Tuesday, August 16, 2011

Walking At Dusk (written 11/23/10)

It’s on nights like this, when the world is trapped between autumn and winter, that they speak to me. The temperature has dropped to below freezing, and there is a slight dusting of snow on the ground. As I walk, all I hear are our footsteps tapping on the frozen ground. The world is silent.
            The dormant atmosphere then provokes a thought: how many of the earth’s creatures died on this particular day?
            I ponder this. The number must be enormous—humans, dogs, mice, insects by the thousands… yet how much of it do I see? I have not seen anything die today.
            I pass by the house where a woman lives whose husband recently shot himself. He was dying of cancer. There was no way out. She was there when he did it. She heard the shot. She went rushing into the room where he laid; she found his body. Words cannot describe the agony she must have felt.
            She must wonder which world he has retired to.
            I hear a click from the house and I look over, trying to place the sound. I cannot.
My dog slips on the ice as we near the top of the hill. “Walk in the middle,” I say, tugging his leash toward the center of the deserted road. “It’s less icy.”
The light is fading, and as the inside of my nose comes into contact with the cold evening air, I fall under the impression that my insides are freezing.

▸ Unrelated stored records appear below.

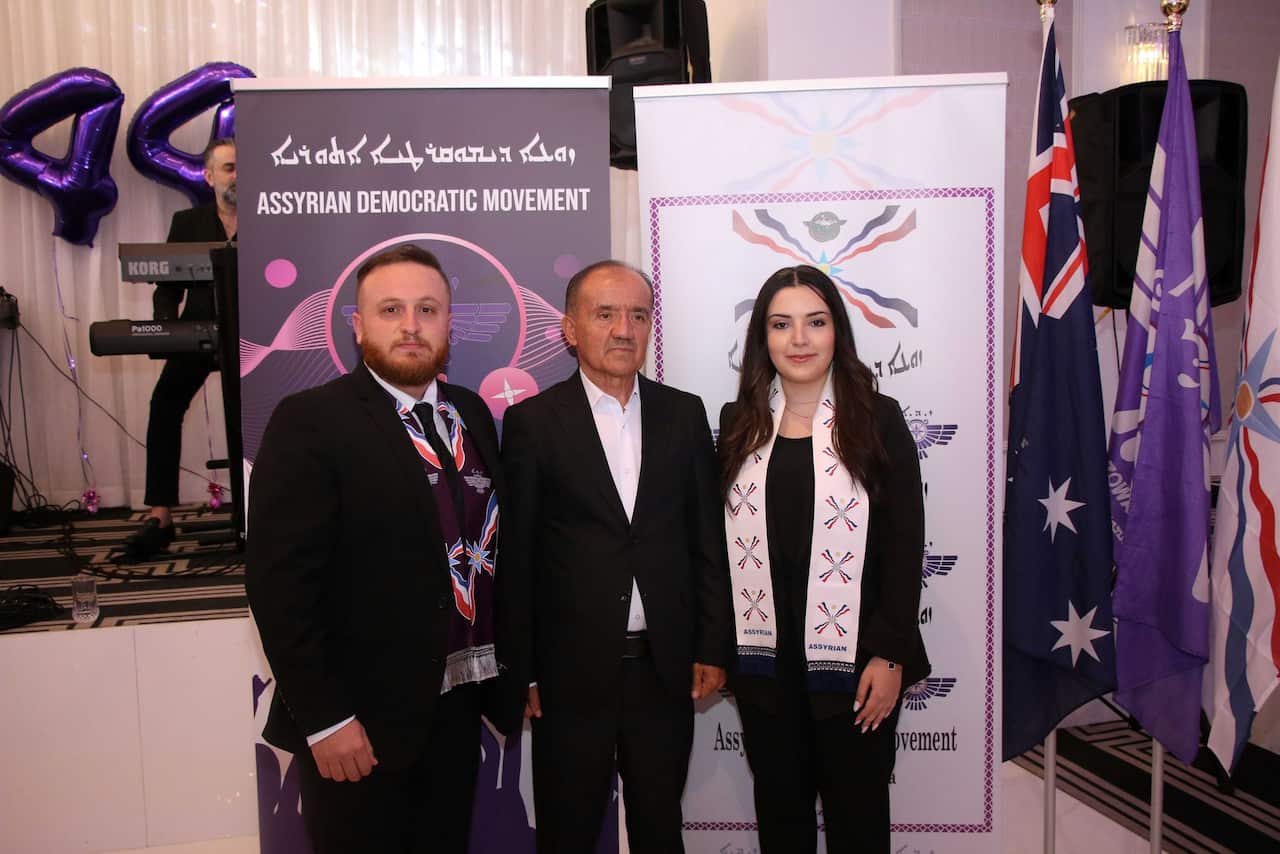 Guest of ADM from Homeland Hurmez Odisho with ceremony MCs Romrama Romel and Domer Albazi.jpg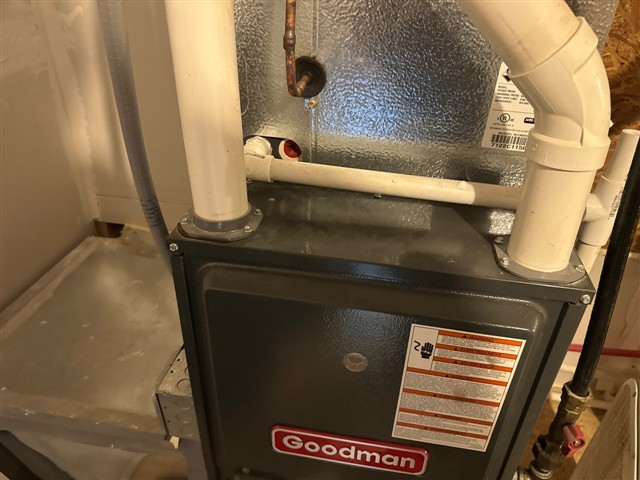 Original TMK inspection photograph showing the top of a furnace cabinet, the evaporator-coil cabinet above it, and adjacent white piping.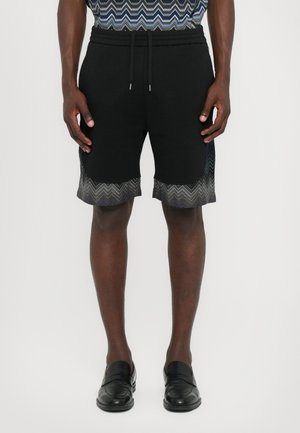  Sorte shorts med snor i taljen, prydet med et zigzag mønster i grå ved kanten. Fremstillet af blødt stof, knælang model.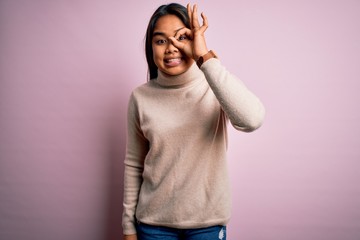 Young beautiful asian girl wearing casual turtleneck sweater over isolated pink background doing ok gesture with hand smiling, eye looking through fingers with happy face.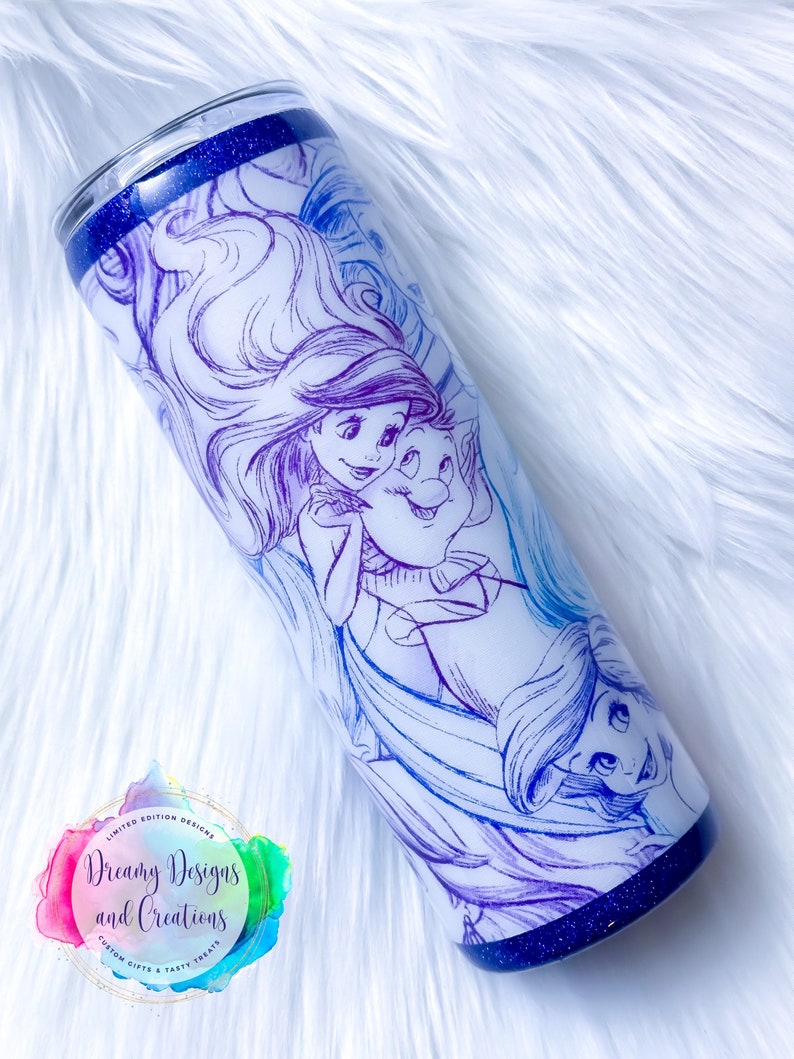 Puede incluir: Un vaso de acero inoxidable con fondo azul brillante y fondo blanco. El vaso presenta un dise&ntilde;o degradado morado y azul con un boceto de Ariel y Sebasti&aacute;n de La Sirenita. El texto "Dreamy Designs and Creations" es visible en el vaso.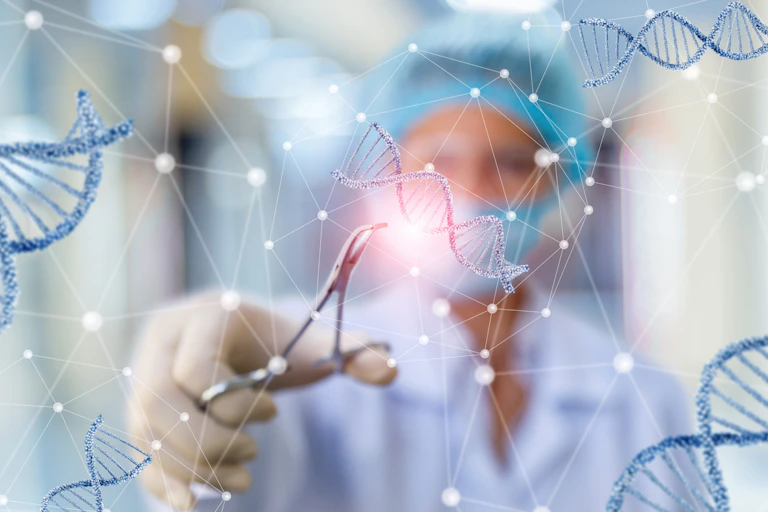 Image of a researcher cutting DNA on blurred background.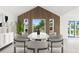 Modern dining room with a statement accent wall, sleek furniture, and natural light streaming through large windows at 13726 Michelle Ave, Hudson, FL 34667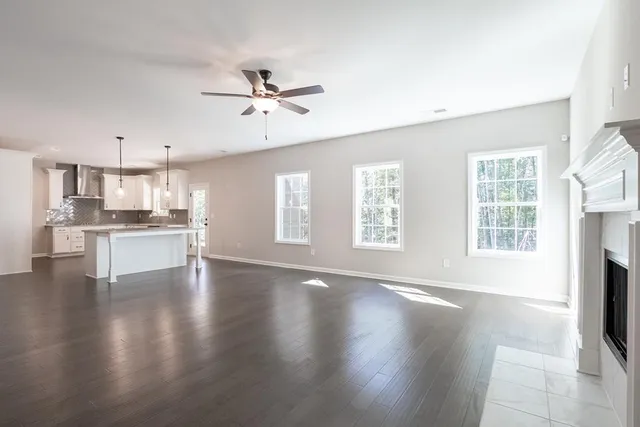 a view of an empty room with wooden floor and a kitchen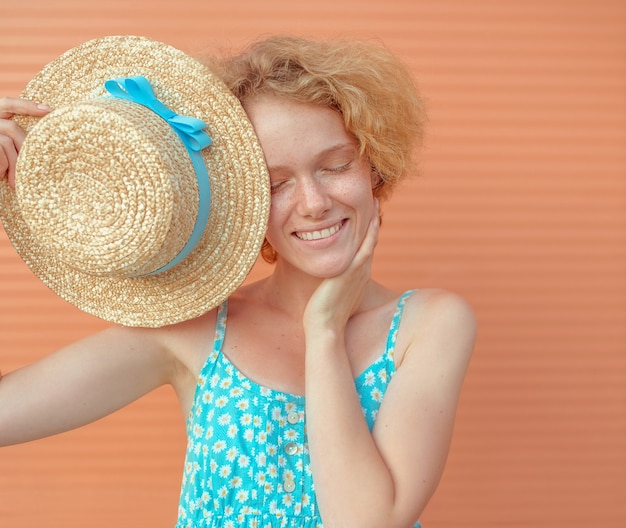 young cheerful curly redhead woman in blue sundress holding straw hat in her hand on beige backgroun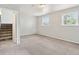Spacious unfinished basement with stairs, and two large windows at 19053 E 22Nd Dr, Aurora, CO 80011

My other dog begins to growl. I look over to the side of the road, frightened. A
plastic bag caught in the dying brambles flutters in the wind. “It can’t hurt you,” I say to her. “It can’t even move.”
            We turn around at the top.
            I see one house adorned with Christmas lights; another still with Halloween decorations. But most houses are dark and unwelcoming.

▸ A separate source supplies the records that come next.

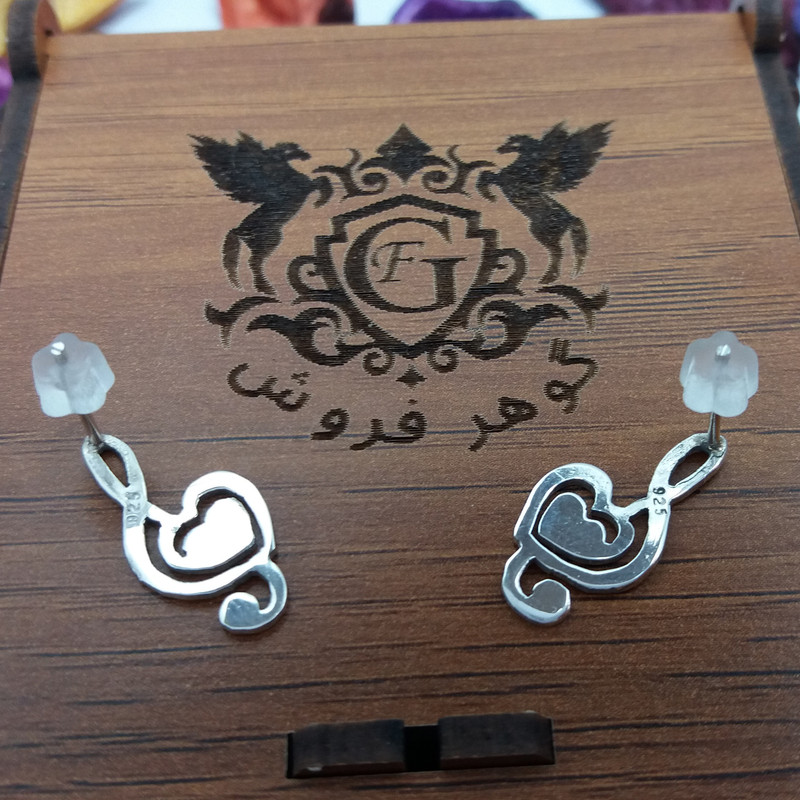 گوشواره نقره زنانه مدل نت موسیقی با قلب گوشواره نقره زنانه مدل نت موسیقی با قلب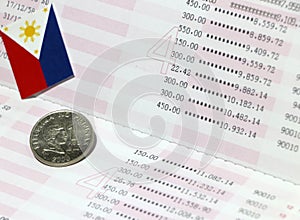 One coin of Philippine peso money on obverse and mini Philippine flag on the book bank. Concept of Saving money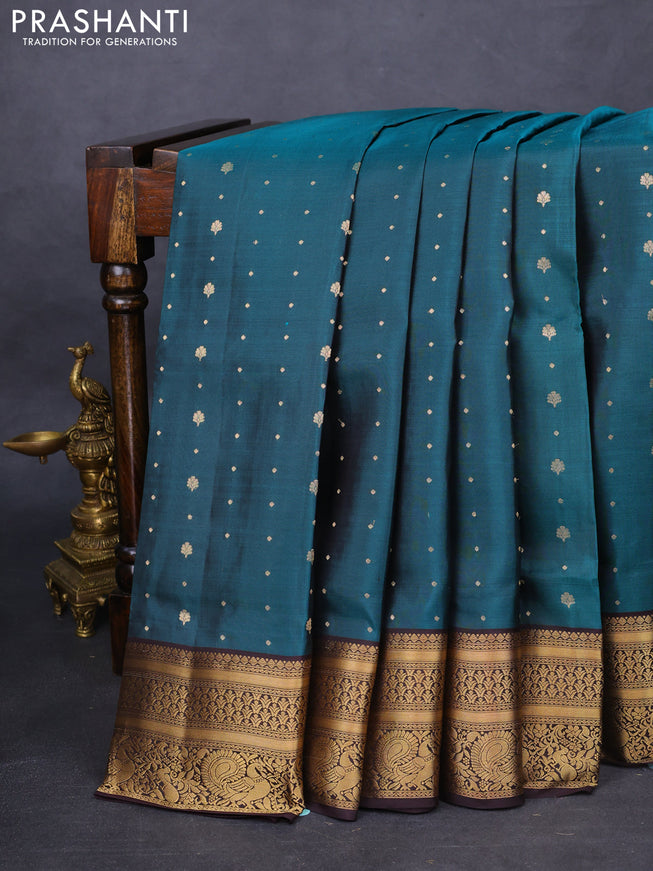 Pure soft silk saree peacock green and coffee brown with allover zari woven buttas and zari woven border
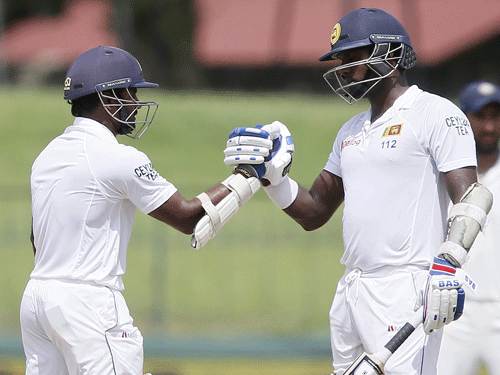 Sri Lanka's captain Angelo Mathews (R) and Kusal Perera celebrate their partnership during the final day of their third and final test cricket match against India in Colombo , September 1, 2015. REUTERS Photo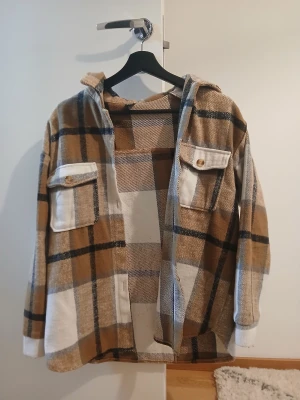 Rutig overshirt från SHEIN brun/vit - Overshirt från SHEIN i brun, vit och svart rutig design. Skjortan har huva, två stora bröstfickor med knappar och en loose passform. Perfekt lager-på-lager-plagg med mjukt material och avslappnad vibe.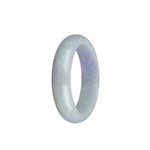 A close-up of a half moon-shaped lavender Burma jade bracelet, showcasing its natural and untreated beauty.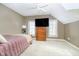 Cozy bedroom features neutral paint, ceiling fan, and a large dresser for ample storage space at 5030 Nightshade Ln, Noblesville, IN 46062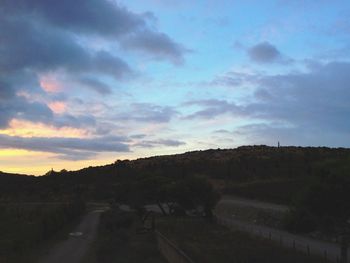 Scenic view of landscape against cloudy sky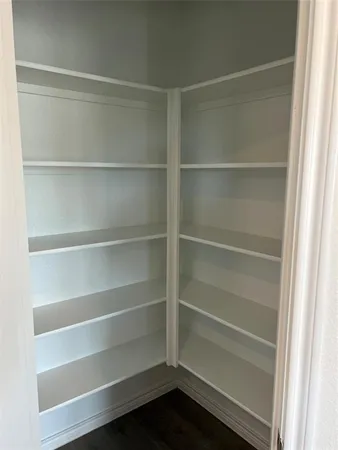 a view of walk in closet with empty racks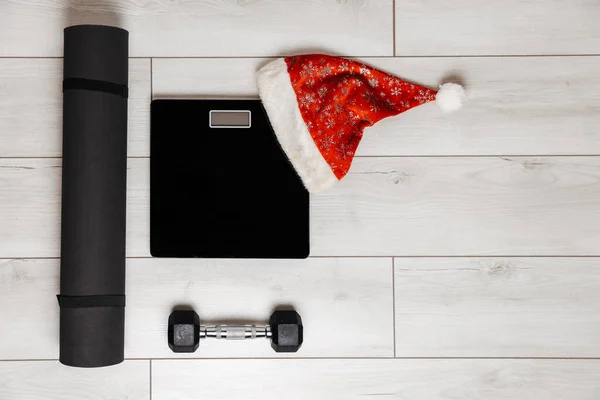 グレーの木製の背景に黒の重量、マットとダンベル。クリスマスのコンセプト — ストック写真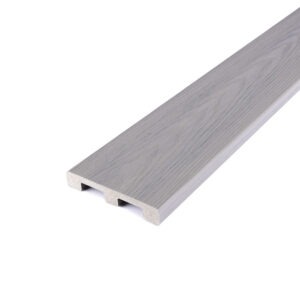 Angled close-up of a Deckorators Altitude solid-edge board in Trailstone, showing its smooth light gray finish and authentic wood-grain pattern. The solid-edge design is ideal for borders or stair treads, providing a seamless look with lasting durability.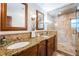 Well-lit bathroom with a double vanity, granite countertop, and walk-in glass shower at 1868 Juarez S Way, St Petersburg, FL 33712
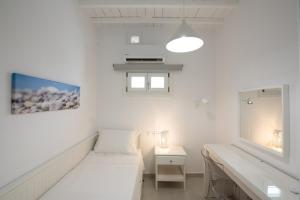 Posteľ alebo postele v izbe v ubytovaní Nireas Apartments Mykonos Downtown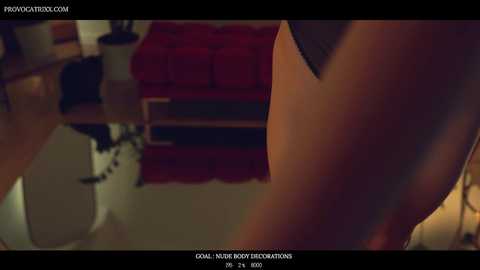 Media: A close-up CGI screenshot from the film \"Prom Night,\" showing a red couch, a wooden table, and a white chair in a dimly lit room.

“Silent night, holy night,” I sing as we descend the hill. My voice wavers with every step, creating a false vibrato. With every word that departs my lips, a wispy white cloud forms in front of my face. My breath looks like a ghost.

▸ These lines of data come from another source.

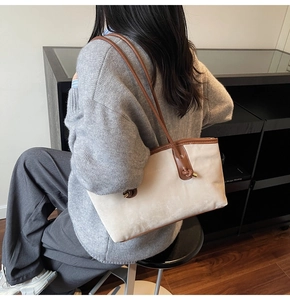 Close-up of beige tote bag with brown leather knotted strap and elegant metal details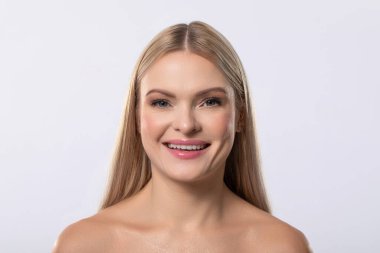 Uzun, dalgalı sarı saçlı neşeli bir kadın neşeyle parıldıyor, doğal güzelliğini ve kendine olan güvenini gösteriyor.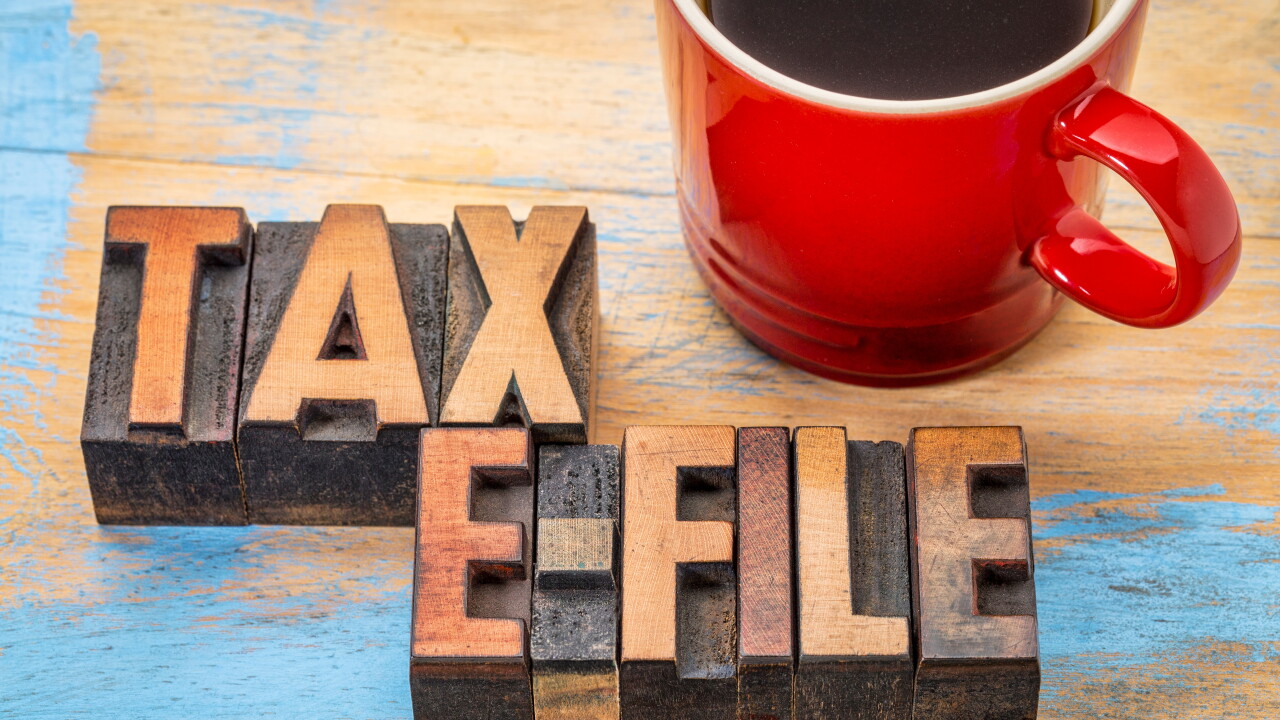 tax electronic filing concept - word abstract in vintage letterpress wood type with a cup of coffee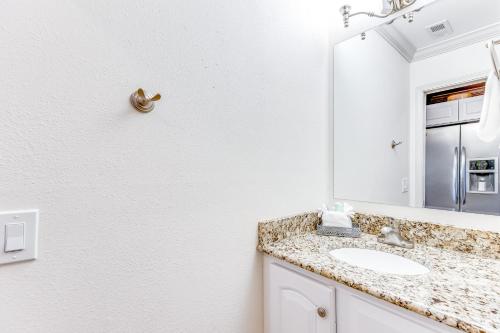 La salle de bains est pourvue d'un lavabo et d'un miroir. dans l'établissement Sunset Harbor Palms 2-304, à Navarre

            That’s when I see it. She has closed the curtains of the front window of her house. That’s what made the noise.
            I feel it. He’s here. She’s trying to forget. He died with the summer and is felt most in the winter. He accompanies the loneliness, the lifelessness, the sorrow. Every dead being in this world is present at this moment, and he is among them. She is shutting out death.
            It’s nights like this, when the world is numb, that those who are truly dead remind the world of life. The silent world can acknowledge their presence. They walk the earth in this hour of dusk, and on this night, I walk with them.

1 comment:

  1. This piece leaves me as cold and chilly as you probably felt on that walk!